The mainstream monetary measurements are:
Austrian Money Supply and True Money Supply
Hoping to clarify the distinction between money and credit, Austrian economic followers have two additional measures, one called True Money Supply (TMS), the other Money AMS (Austrian Money Supply). I have a monetary measure called M Prime, but that is a representation (as best as I can put together) of Money AMS.
The main difference between TMS and M Prime is the former includes savings accounts while the latter doesn't.
What is Money and How Does One Measure It?
For a complete review of the arguments from both sides as to whether to include savings accounts, please see What Is Money, Anyway?

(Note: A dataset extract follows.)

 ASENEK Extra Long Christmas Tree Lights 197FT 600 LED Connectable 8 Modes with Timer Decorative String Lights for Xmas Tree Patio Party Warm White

I believe, as does Austrian economist Frank Shostak, that savings accounts are really transfer of claim "lending accounts" and thus need to be excluded from monetary measurements.
True Money Supply
Please consider a chart of True Money Supply as of March 18.
The above chart was produced by True Money Supply on Mises. The text states:
The True Money Supply (TMS) was formulated by Murray Rothbard and represents the amount of money in the economy that is available for immediate use in exchange. It has been referred to in the past as the Austrian Money Supply, the Rothbard Money Supply, and the True Money Supply. The benefits of TMS over conventional measures calculated by the Federal Reserve are that it counts only immediately available money for exchange and does not double count. MMMF shares are excluded from TMS precisely because they represent equity shares in a portfolio of highly liquid, short-term investments which must be sold in exchange for money before such shares can be redeemed. For a detailed description and explanation of the TMS aggregate, see Salerno (1987) and Shostak (2000). The TMS consists of the following: Currency Component of M1, Total Checkable Deposits, Savings Deposits, US Government Demand Deposits and Note Balances, Demand Deposits Due to Foreign Commercial Banks, and Demand Deposits Due to Foreign Official Institutions.
Money Available On Demand
The problem with the above text clip is Shostak doesn't agree with the definition. See Mystery of the Money Supply Definition in a Mises journal.
Shostak settles on this definition: Money AMS equals cash plus demand deposits with commercial banks and thrift institutions plus government deposits with banks and the central bank.
What Shostak is attempting to measure is money available on demand. I concur with Shostak in regards to excluding savings accounts.
Think of it this way: Savings accounts are really lending accounts. You deposit money in a bank (transferring the claim on the money to the bank) in return for an agreed upon interest rate. Because the claim to the money was transferred, your money theoretically isn't available on demand.
Also note that there are no reserves on savings accounts so it's highly likely the money was lent out. Furthermore, you can't write checks against savings accounts (although some NOW accounts do allow limited check writing).
Others argue that although the money isn't theoretically available on demand, in practice it is. Thus the never-ending debate even among groups both professing to be "Austrian."